Une performance d’une grosse vingtaine de minutes qui ne laissa personne indifférent, et surtout pas les personnes des premiers rangs qui évitaient soigneusement de rentrer dans le jeu de l’artiste.
Joachim Montessuis nous avait séduit il y a un an dans le cadre du festival Capitales Sonores pour un live au laptop construit sur l’enregistrement d’une boite noire d’un avion s’étant crashé. Ce soir c’était forcément différent puisque basé sur sa voix. Une intro plutôt torturée, grosse respiration sourde faisant encore penser à un monstre d’un taille phénoménale, grognements, rugissements, alternant avec des passages plus calmes, ambient, liés à sa respiration et aux doux murmures en boucle. Le tout est traité en direct par un laptop et des effets, des sonorités deviennent des boucles, des drones, des rythmiques semblent se former, cela devient presque tribal quand il produit des hurlements, des ululements, une texture frétillante s’installe, la tension monte, la texture saturée devient crissements bruitistes et dans un dernier élan fougueux on obtiendra une sorte de tech-noise effrayante d’efficacité qu’il viendra bien vite calmer pour finir par une nappe ambient ondulante. Concert surprenant, trippant, d’une parfaite maîtrise. Pour la deuxième fois, Joachim Montessuis nous a convaincu et on espère qu’il y en aura d’autres.
On ne connaissait pas Maja Ratkje avant de la voir en concert mis à part un titre ou deux de son projet Fe-Mail, et le fait qu’elle avait sorti des albums chez Rune Grammofon, en solo ou en tant que membre de Spunk.
Elle commence seule sur le devant de la scène, équipée d’un simple micro. A une vitesse impressionnante elle aligne borborygmes, cris, murmures, douces vocalises, phrases poétiques, imite une petite voix d’enfant, une femme autoritaire ou un homme menaçant, donne l’impression de s’exprimer dans toutes les langues à la fois reprenant les tics de dessins animés, que ce soit du Walt Disney ou un manga japonais. Au final elle donne l’impression d’avoir créer un langage universel, impression et poésie renforcée par sa gestuelle particulièrement imagée, accompagnant tous ses délires vocaux.

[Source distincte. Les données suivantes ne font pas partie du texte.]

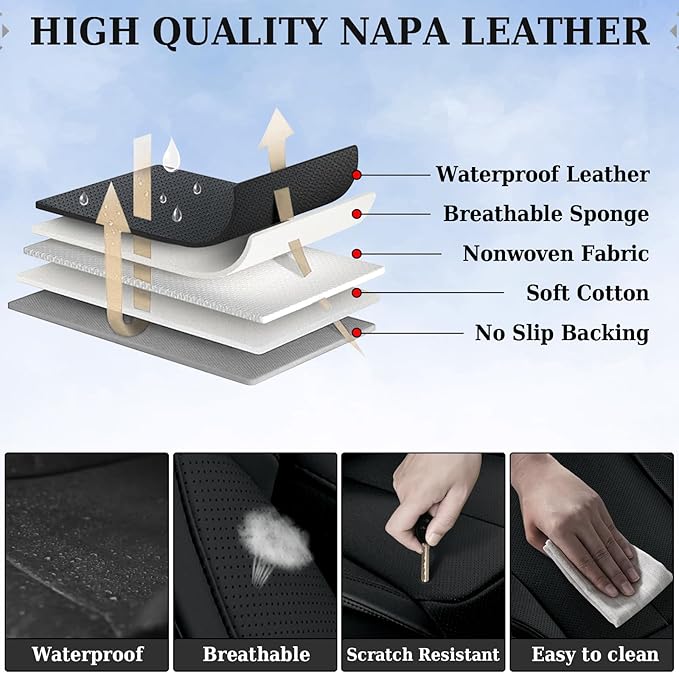 Coverado Universal Seat Covers Full Set, Universal Seat Covers for Cars, Waterproof Nappa Leather Car Seat Covers with Head Pillow, 5 Seats Auto Protectors Fit for Most Pick-up Truck, Black&Redline
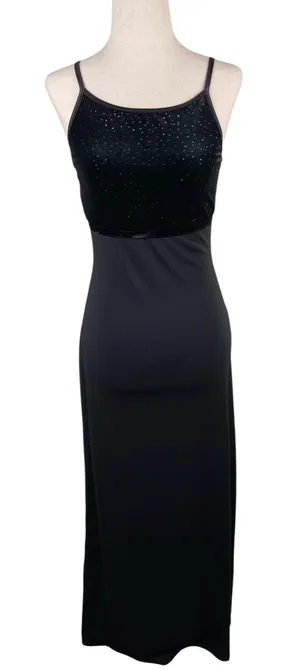 Vintage Y2K Byer Too Sparkly Black Velvet Top Maxi Slip Dress Small Whimsigoth thumbnail 1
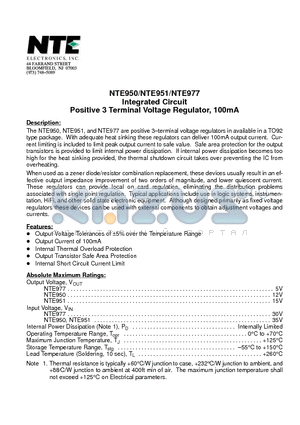 NTE951 datasheet - Integrated Circuit Positive 3 Terminal Voltage Regulator, 100mA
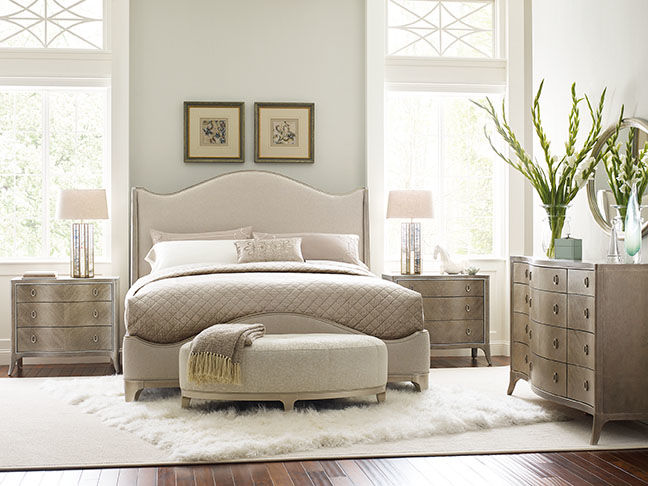 Caracole Brushed Tweed Upholstered Bed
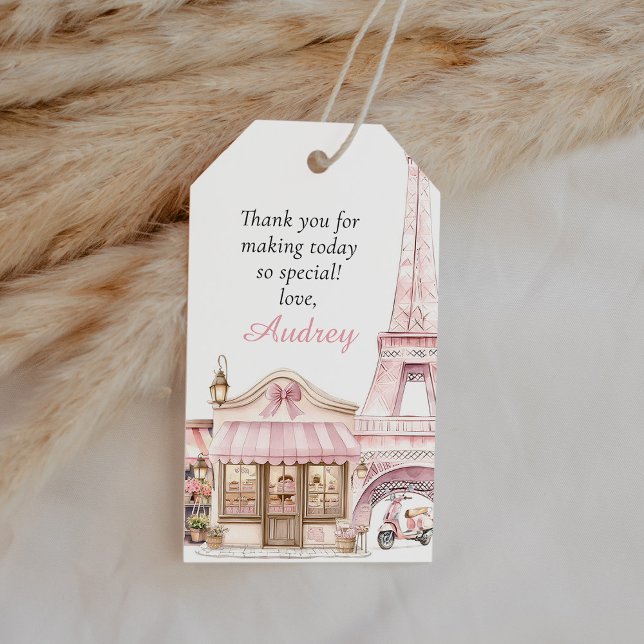Étiquettes-cadeau Coquette Paris Café Fête Merci Favoriser (Créateur téléchargé)
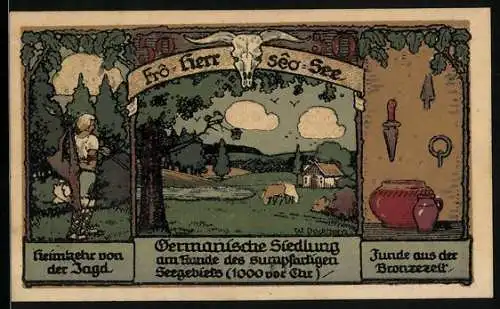 Notgeld Frose in Anhalt 1921, 50 Pfennig, Funde und Jäger aus der Bronzezeit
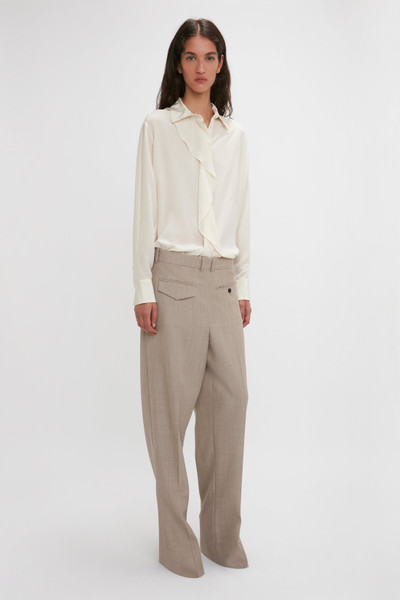 Victoria Beckham Asymmetric Ruffle Blouse In Ivory outlook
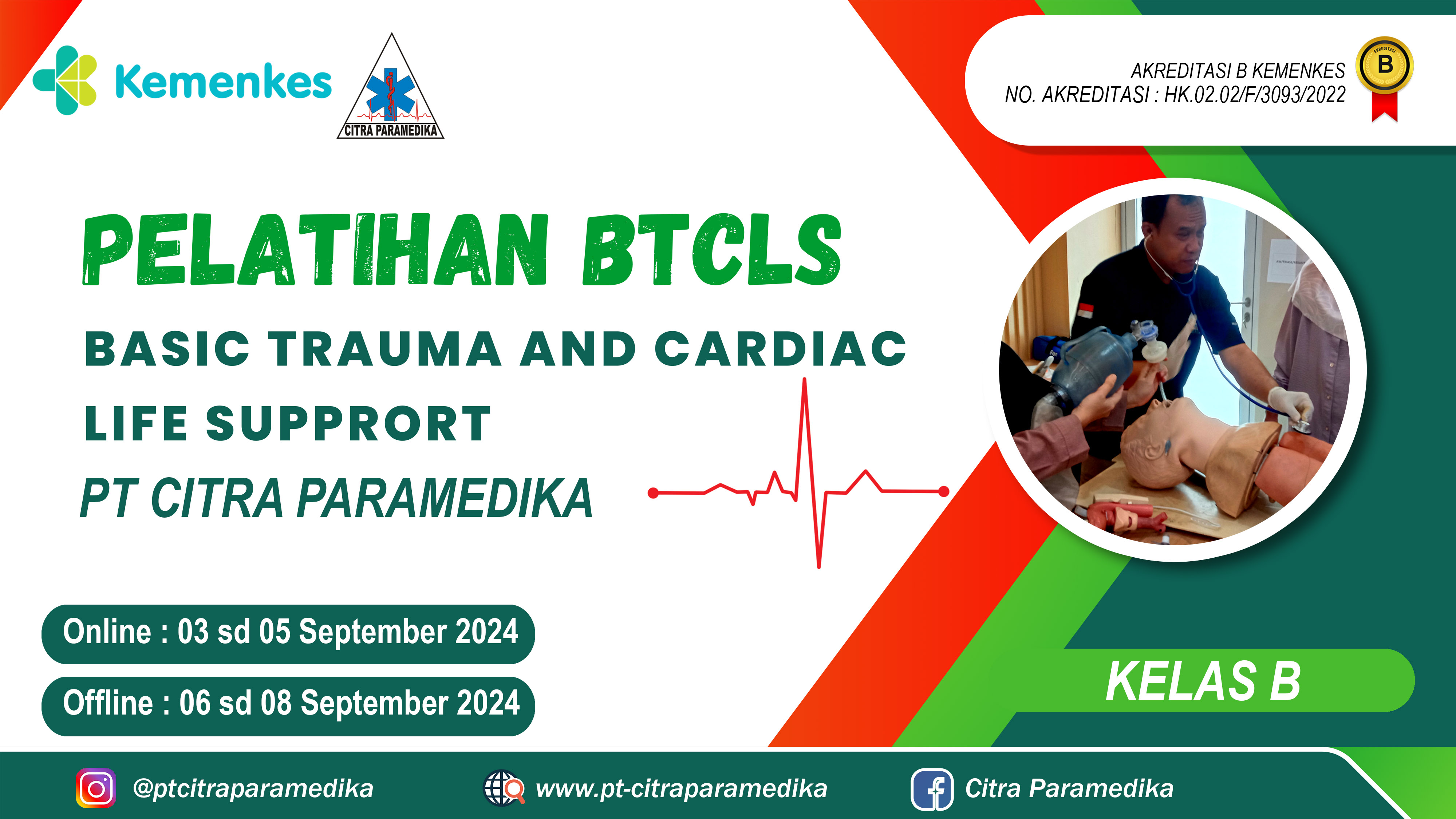 Pelatihan Basic Trauma Cardiac Life Support (BTCLS) PT CITRA PARAMEDIKA (KELAS B)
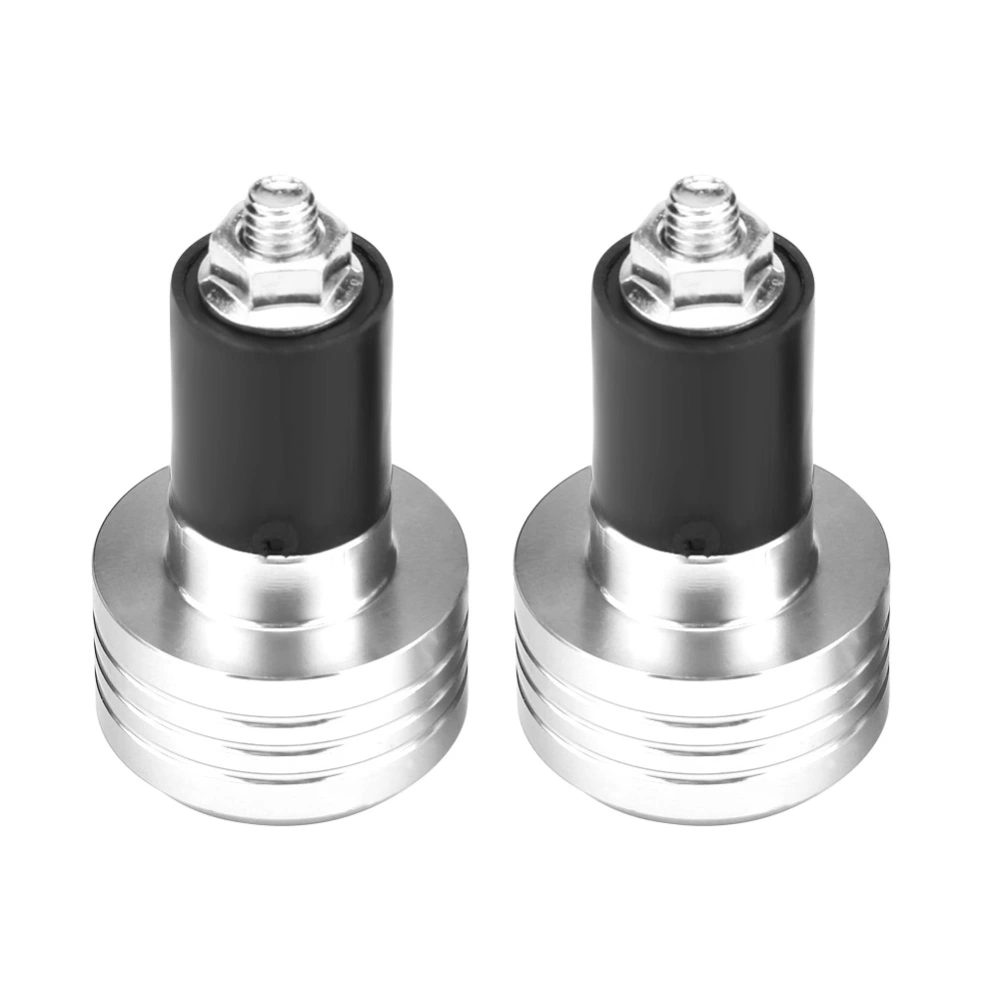 Pair of 22mm Universal Aluminum Motorcycle Grip Handlebar Ends Weight Balance Plug Silver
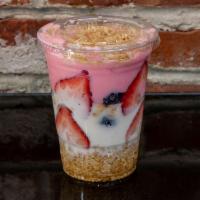 Coffee Pot Signature Parfait · Low Fat Vanilla and Strawberry Yogurt with layers of granola and fresh fruits.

Dans un deuxième temps elle prend place derrière ses machines, sampler, effets, MD, produisant le même genre d’expérimentation, mais à base d’instruments électronique. Une musique qui part dans tous les sens, et dans laquelle la voix n’est plus qu’un élément parmi d’autres. Et puis à mi-parcours, elle met des micros dans sa bouche pour un long final complètement bruitiste, rugissements saturés, souffles, crissements numériques, et papier aluminium qu’elle agite en donnant de grands coups sur une grosse marmite métallique.
Par chance, elle reviendra pour un rappel nous donnant à entendre une troisième facette de son travail. Elle nous fait d’abord penser à Aki Onda en manipulant son dictaphone, chante timidement sur quelques souffles et cris de loups. Ambiance inquiétante, paysage hanté, et le chant prend petit à petit de l’assurance, évoquant l’opéra et venant se frotter aux hurlements des loups et s’élevant dans se superbes vocalises déchirantes. Magnifique conclusion.